### WHAT IS REQUIRED
Look through the data below and output, unchanged, every line from the one holding "Garsonieră cu centrală" through the one holding "La Mtra. Daniela", inclusive. Skip the pictures.

### DATA TO PROCESS

#####

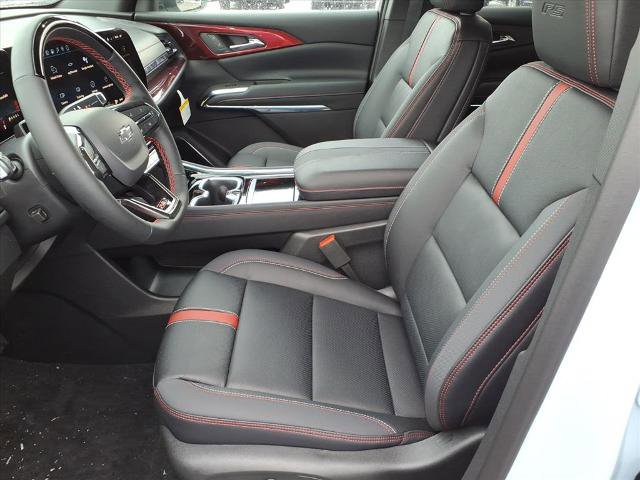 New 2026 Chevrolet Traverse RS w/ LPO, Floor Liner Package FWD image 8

#####

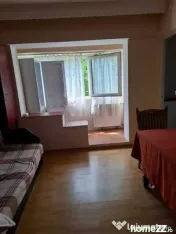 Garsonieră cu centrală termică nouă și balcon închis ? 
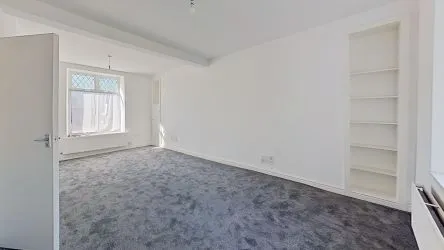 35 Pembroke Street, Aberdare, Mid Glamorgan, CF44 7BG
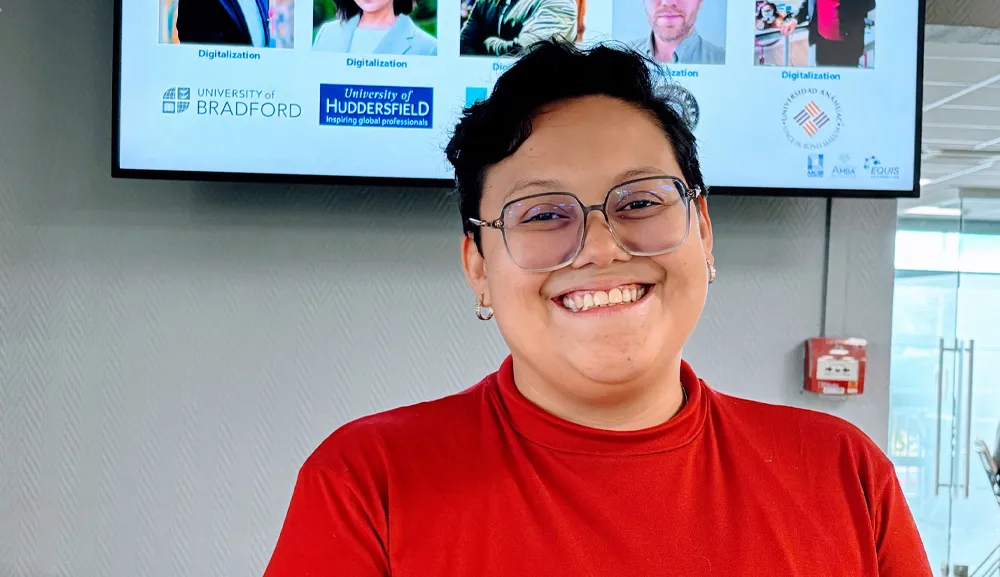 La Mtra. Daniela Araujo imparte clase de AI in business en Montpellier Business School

#####

### RESPONSE AREA
 Garsonieră cu centrală termică nouă și balcon închis ? 
 35 Pembroke Street, Aberdare, Mid Glamorgan, CF44 7BG
 La Mtra. Daniela Araujo imparte clase de AI in business en Montpellier Business School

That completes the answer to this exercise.